- _Your instructions_
Copy nothing but the lines from the opening of the entries through the line that contains "10inch waterproof e", exactly as written. Drop the pictures.

- _Source data_
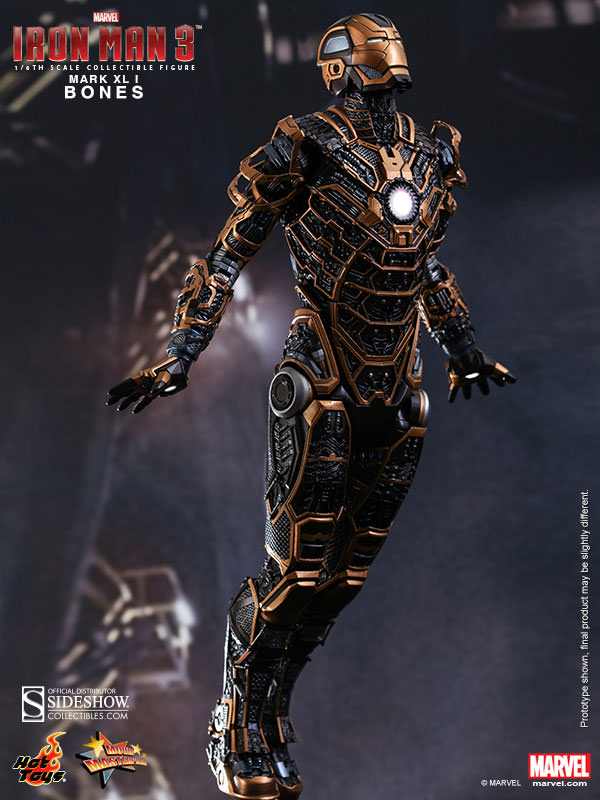 Marvel Iron Man Mark XLI - Bones Sixth 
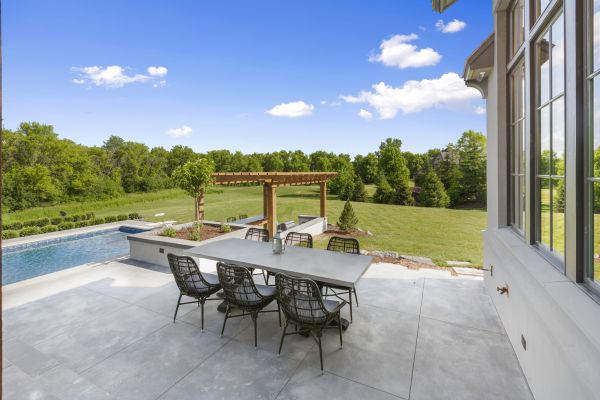 Patio Concrete Construction in Waco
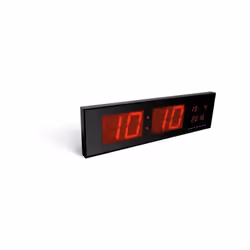 Horloge murale avec date, heure au format 24 heures Horloge murale avec date, heure au format 24 heures 24 hour display haute ...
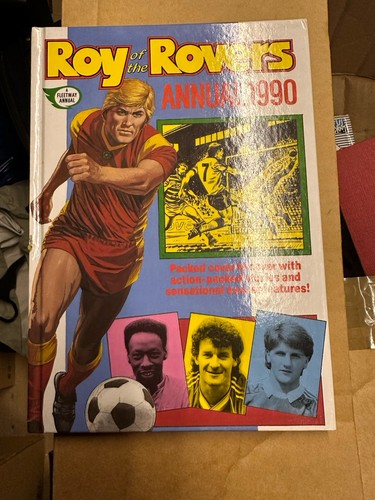 Roy the rovers annual 1990 - the,
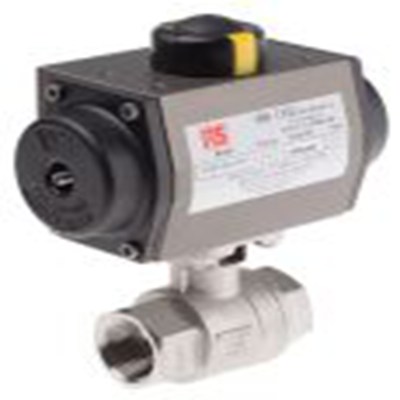 RS PRO,760-5668,1000 psi 气动阀 BSP 球形阀 母插, 弹簧返回 1 in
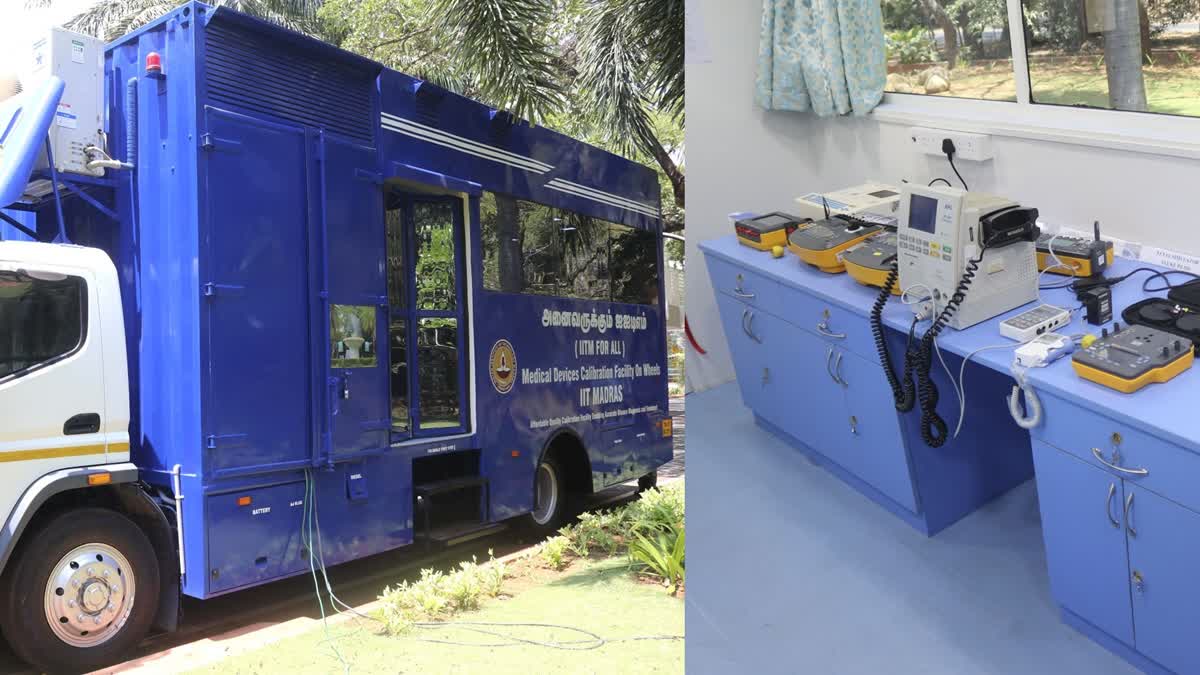 IIT Madras Launches India’s First Mobile Medical Devices Calibration Facility
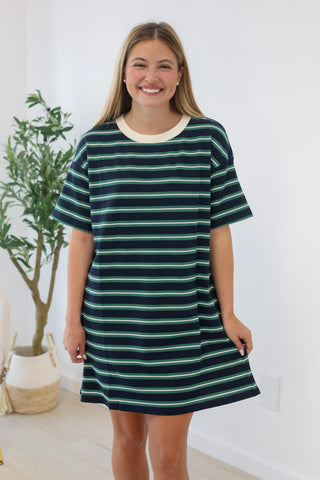 Day by Day Striped Dress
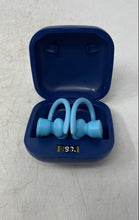 Load image into Gallery viewer, Disney Stitch Blue Wireless Earphones w/ Charging Case Model DS20884-KH Untested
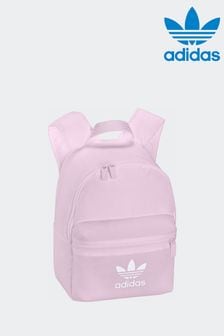 Pink - Adidas Originals Small Adicolor Classic Backpack (N38656) | kr420
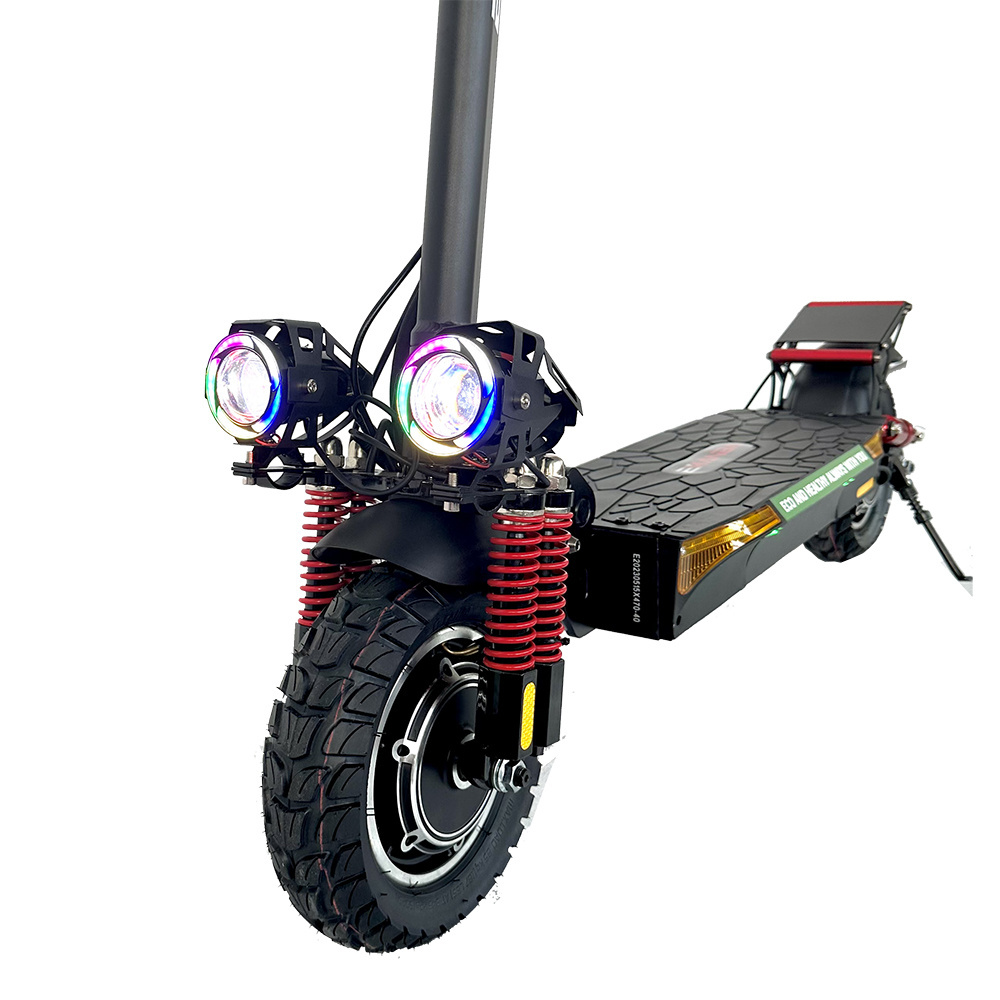 10inch waterproof e scooter 60km long range for adults 48V 800W*2 max speed 50km/h Escooter with nfc lock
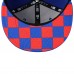 Бейсболка Buffalo Bills New Era Checkered Undervisor 59FIFTY Fitted - Royal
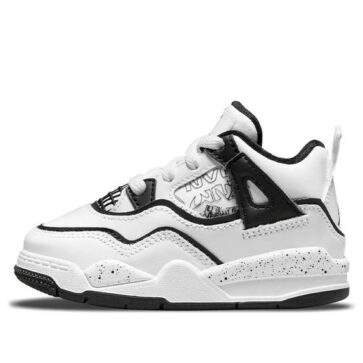 Air Jordan 1 Low Black White ילדים – נייק ג'ורדן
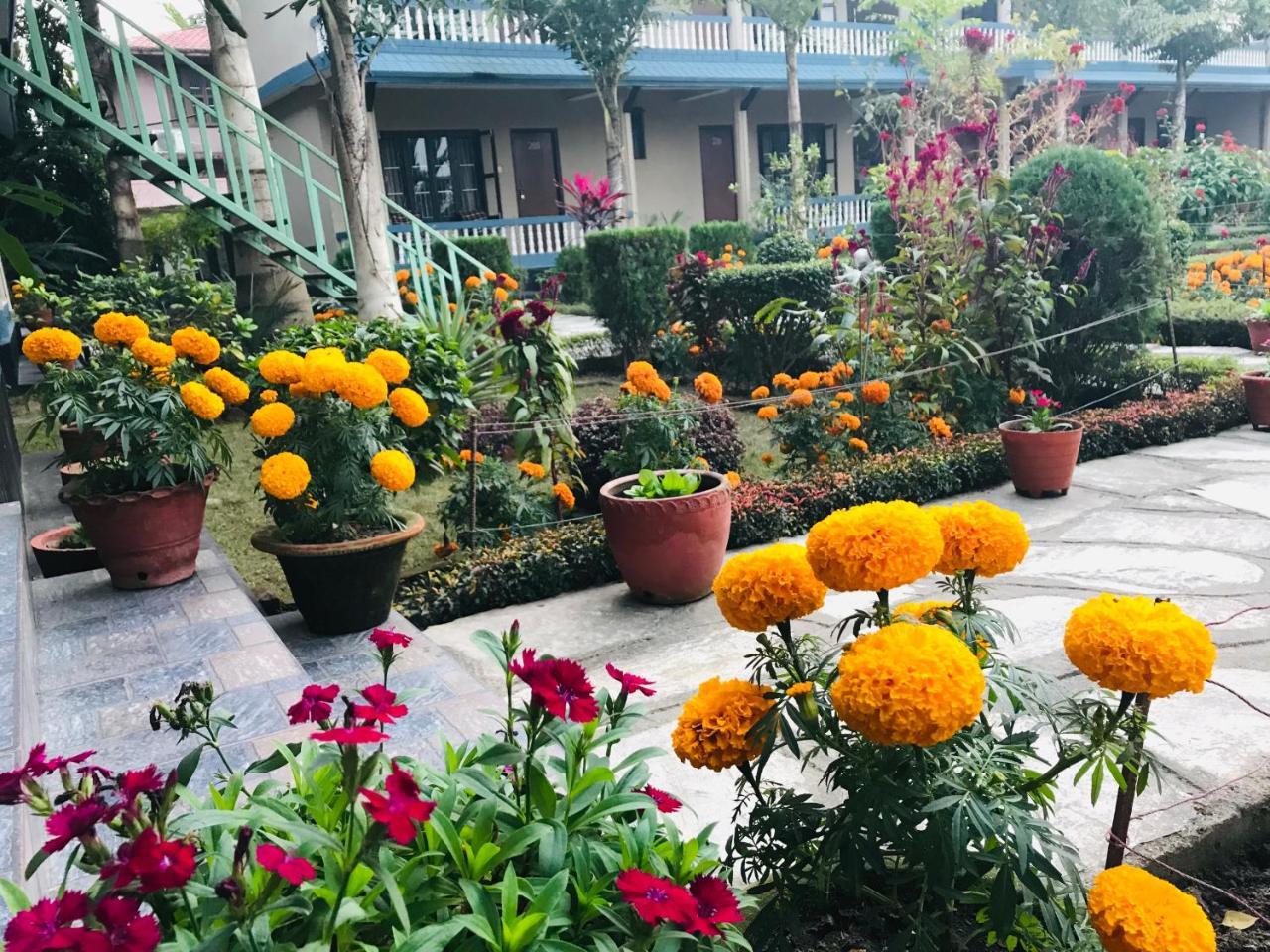 Chitwan Village Resort Sauraha Exterior foto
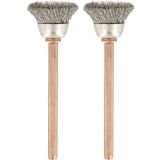 PRIBOR ZA ORODJA DREMEL DREMEL 531 ŠČETKA INOX 13 MM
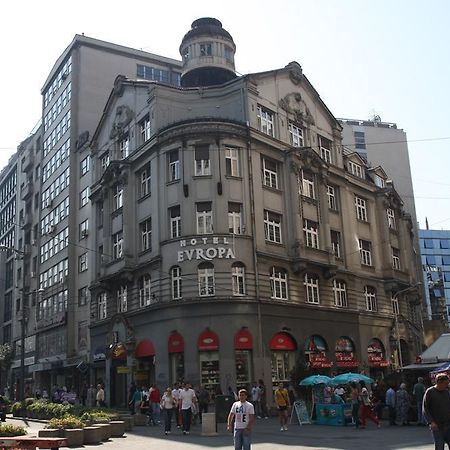 Hotel Evropa Белград Экстерьер фото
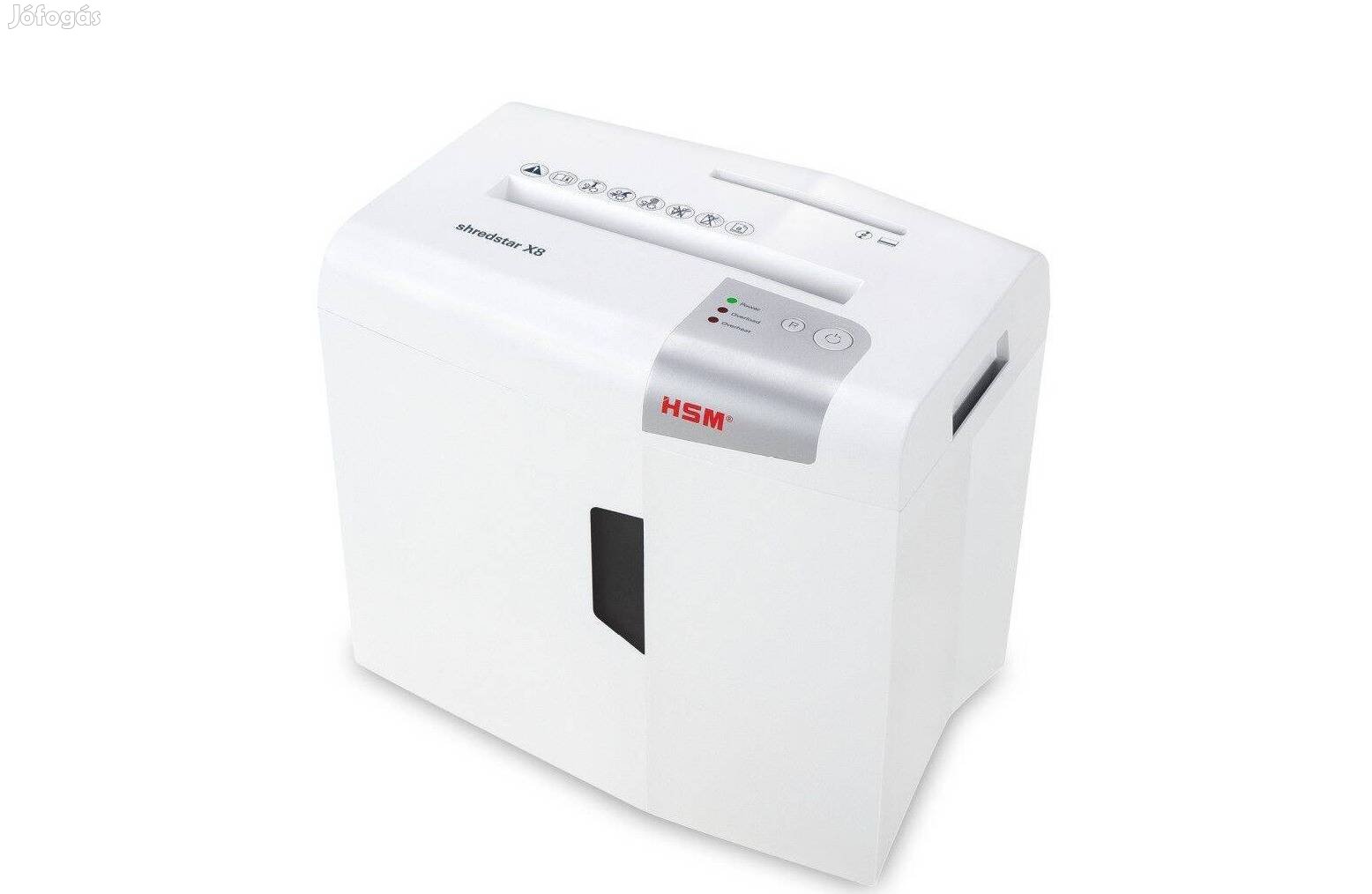 Iratmegsemmisítő HSM Shredstar X8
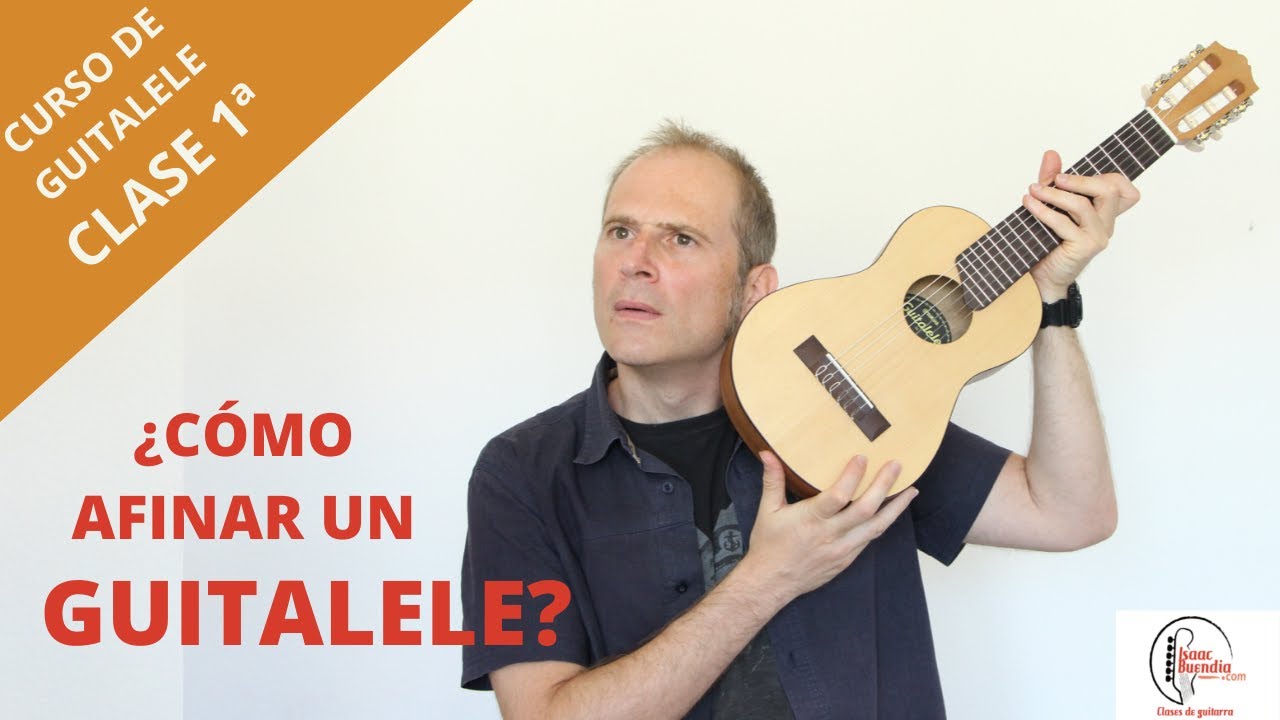 Como afinar la guitarra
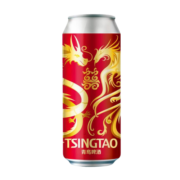 青岛啤酒 TSINGTAO  龙凤呈祥喜庆装 ≥4度 聚会用酒 整箱装 500ml*12
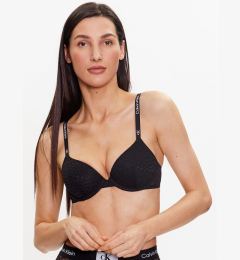 Снимка на Calvin Klein Underwear Класически бикини с висока талия 000QF7177E Черен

- _Exercise result_
 Marvel Iron Man Mark XLI - Bones Sixth 
 Patio Concrete Construction in Waco
 Horloge murale avec date, heure au format 24 heures Horloge murale avec date, heure au format 24 heures 24 hour display haute ...
 Roy the rovers annual 1990 - the,
 RS PRO,760-5668,1000 psi 气动阀 BSP 球形阀 母插, 弹簧返回 1 in
 IIT Madras Launches India’s First Mobile Medical Devices Calibration Facility
 Day by Day Striped Dress
 Load image into Gallery viewer, Disney Stitch Blue Wireless Earphones w/ Charging Case Model DS20884-KH Untested
 Pink - Adidas Originals Small Adicolor Classic Backpack (N38656) | kr420
 10inch waterproof e scooter 60km long range for adults 48V 800W*2 max speed 50km/h Escooter with nfc lock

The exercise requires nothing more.